--- Required work ---
Please go line by line and repeat the data below exactly, with no images.

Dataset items
----

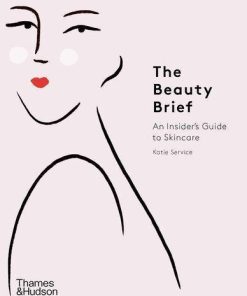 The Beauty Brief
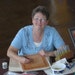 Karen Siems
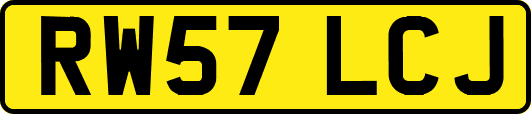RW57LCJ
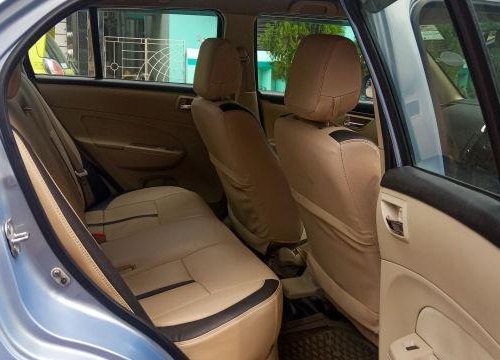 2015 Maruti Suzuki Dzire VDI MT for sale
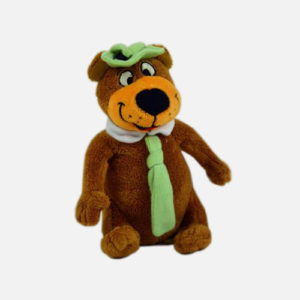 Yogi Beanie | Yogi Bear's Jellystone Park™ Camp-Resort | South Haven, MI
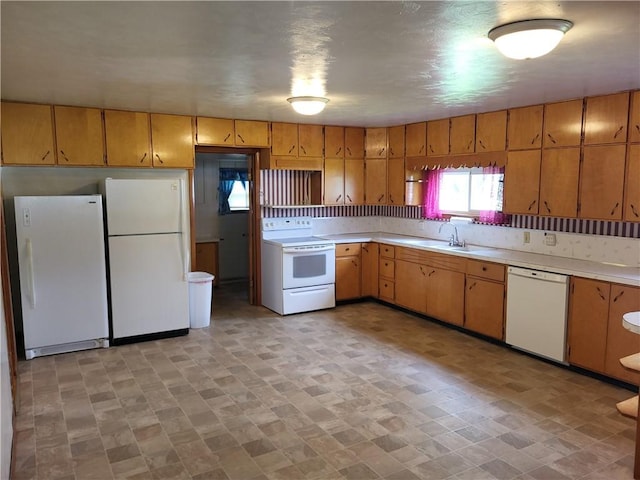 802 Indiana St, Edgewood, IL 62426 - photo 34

----

--- Output for this exercise ---
 The Beauty Brief
 Karen Siems
RW57LCJ
 2015 Maruti Suzuki Dzire VDI MT for sale
 Yogi Beanie | Yogi Bear's Jellystone Park™ Camp-Resort | South Haven, MI
 802 Indiana St, Edgewood, IL 62426 - photo 34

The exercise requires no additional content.